Former ICE official warns border tactics failed in Minneapolis
Pressed on how the Minneapolis operation unraveled so quickly, Reeves pointed to the involvement of Customs and Border Protection agents operating deep inside the country.
“Anytime you involve the Border Patrol into the interior of the United States, the wheels are going to fall off,” Reeves said. “Their training, their mindset, their mission, it’s different.”
Reeves explained that ICE’s interior enforcement work is bound by constitutional limits that do not apply in the same way at the border, making the use of border-trained agents especially risky.
“When you bring that type of mentality and training into the interior of the United States,” he said, “you’re going to have the issues that we’re seeing play out before us.”
According to Reeves, the result was a volatile operation that spiraled out of control, leaving two people dead and the agency facing a credibility crisis.
Ex-ICE official warns masks and militarization eroded trust
Asked why similar enforcement actions under earlier administrations avoided this level of backlash, Reeves said ICE once emphasized discretion, preparation, and restraint.
“We took great pride in being known as the silent service,” he said, referring to enforcement work during the Obama years. “You had targets. You did your homework. You planned every possible scenario.”
That approach has since been abandoned, according to Reeves. “You don’t flood neighborhoods,” he said. “You don’t antagonize people. This is not how things are supposed to go.”
He also criticized agents operating in masks and tactical gear without visible identification, warning that this has eroded public trust and increased the risk of deadly encounters.
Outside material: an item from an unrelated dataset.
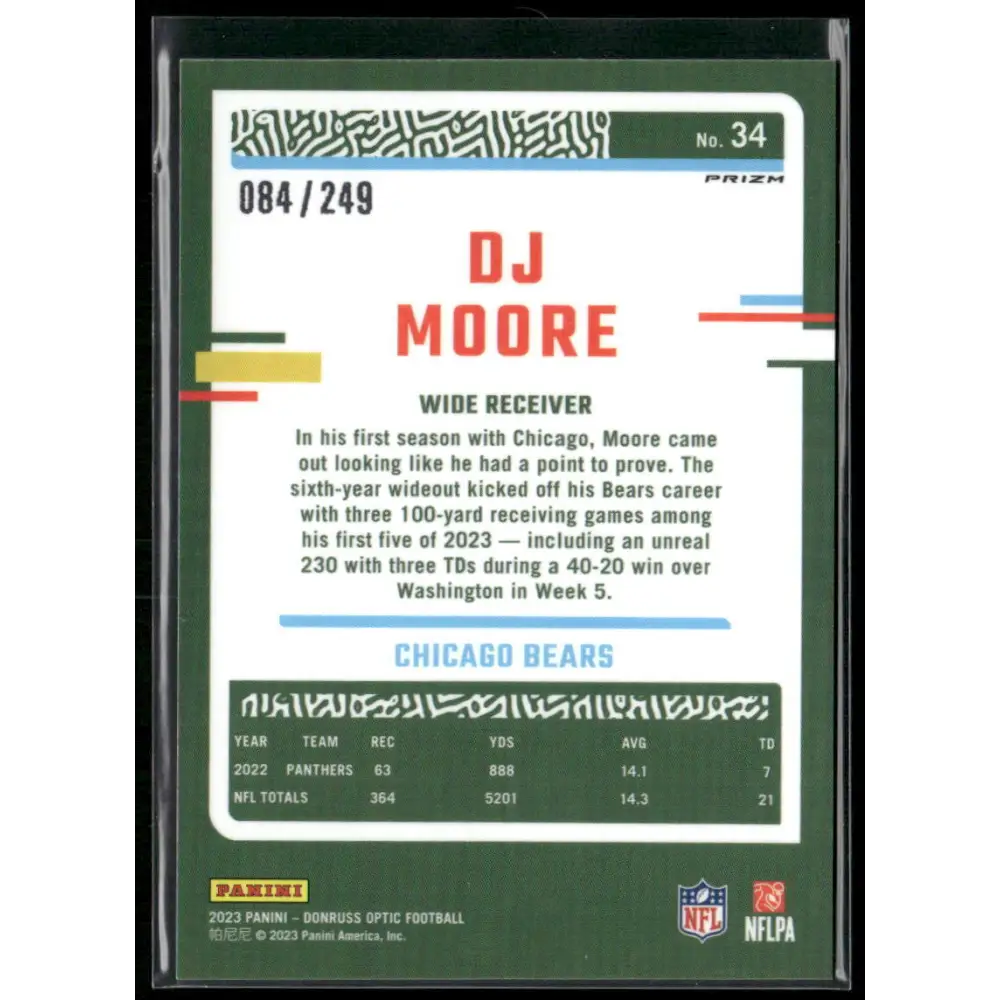 2023 Donruss Optic #34 DJ Moore Orange #/249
Reeves noted that masks were originally used to protect undercover agents from other federal agencies assisting in early enforcement efforts but were never intended to become standard operating procedure. “All of this was poorly planned from day one,” he said.
When asked about the administration’s push for mass deportations, with targets of up to one million removals a year, Reeves placed the blame squarely on Washington. “You’re not going to repatriate a million people a year,” he said. “It’s never going to happen.”
Ex-ICE official warns agency near collapse after pressure
Reeves argued that deportation quotas are driven by political demands rather than operational reality, pointing to a lack of detention space, transportation capacity, diplomatic agreements, and staffing to support removals at that scale. “Political appointees need to stop,” Reeves said. “They need to listen to the career professionals.”
He warned that pressure from above has also fueled a rapid expansion of the workforce at the expense of standards. “You cannot water down standards,” Reeves said. “This job is too serious for that.”
Asked whether ICE can survive the current crisis intact, Reeves said, “No,” adding, “There will be a reckoning.”
While Border Patrol agents are likely to return to the border in time, Reeves said ICE’s enforcement and removal operations will absorb the long-term institutional damage from the Minneapolis shootings. “You’re going to have to rebuild it brick by brick, layer by layer,” he said. “But you can’t function under ICE after this.”
For Reeves, the deaths in Minneapolis mark a turning point for an agency he believes has lost control of its mission and possibly its future. “There’s no coming back from this,” he declared.